In order to interpret the political context in which the E.O. is enacted, it is useful to remember that when signing the order Trump said that excessive regulation is killing jobs and that “Every regulation should have to pass a simple test: Does it make life better or safer for American workers or consumers? If the answer is no, we will be getting rid of it”. His view about the role of regulation has been further clarified during a speech at the Conservative Political Action Conference, when he said “I want all of the regulations that we need (…) But we don’t need 75 percent of the repetitive, horrible regulations that hurt companies, hurt jobs, make us noncompetitive overseas with other companies from other countries”.

In this context, E.O. on “Enforcing the regulatory reform agenda” introduces innovations mainly on the organization and governance of the regulatory policy.

First of all, the head of each agency shall designate an agency official as its Regulatory Reform Officer (RRO) in charge of overseeing the implementation of regulatory reform initiatives. The latter include not only E.O. 13771, but also E.O. 12866 on “Regulatory Planning and Review” (that represents the main pillar of the US impact assessment system, including cost-benefit analysis of regulatory proposals) and the retrospective review activities provided for by section 6 of Executive Order 13563 on “Improving Regulation and Regulatory Review”.

Secondly, Regulatory Reform Task Forces (RRTFs) – chaired by RROs – will be created in each agency.
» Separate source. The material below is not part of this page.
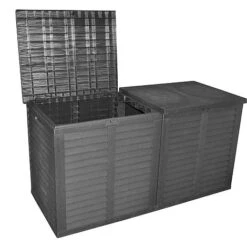 Idooka 750L Black Storage Box -PlantHub Shop Y54400970 553838.Open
Among their members are also included the Regulatory Policy Officers (RPO) designated under section E.O. 12866, raising some doubts about the concrete compatibility and differences between RRO and RPO. RRTFs main task will be to evaluate existing regulations, identifying those rules that have negative effects on jobs and that are “outdated, unnecessary, or ineffective; impose costs that exceed benefits; create a serious inconsistency or otherwise interfere with regulatory reform initiatives and policies”. Task forces will also be devoted to identify regulations that “rely in whole or in part on data, information, or methods that are not publicly available or that are insufficiently transparent to meet the standard for reproducibility”, as well as that “derive from or implement Executive Orders or other Presidential directives that have been subsequently rescinded or substantially modified”, an instruction probably aimed at reducing the impact of E.O. issued by President Obama and modified or withdrawn by President Trump. In performing their tasks RRTFs shall seek input from stakeholders significantly affected by Federal regulations.

Considering RRTFs role and activities, it is clear that they will become a crucial tool for implementing EO 13771. In his first speech to Congress, President Trump illustrated how he interprets RRTS function, defining them “deregulation task force inside of every government agency”.

In order to ensure agencies accountability towards the main goals of the E.O., agencies are also required to incorporate in their annual performance plans indicators to measure progresses related to the implementation of regulatory reform policies; and the identification of regulations for repeal, replacement, or modification.

The battle against excessive regulation continues. And probably this is not the last executive order President Trump will issue on this theme.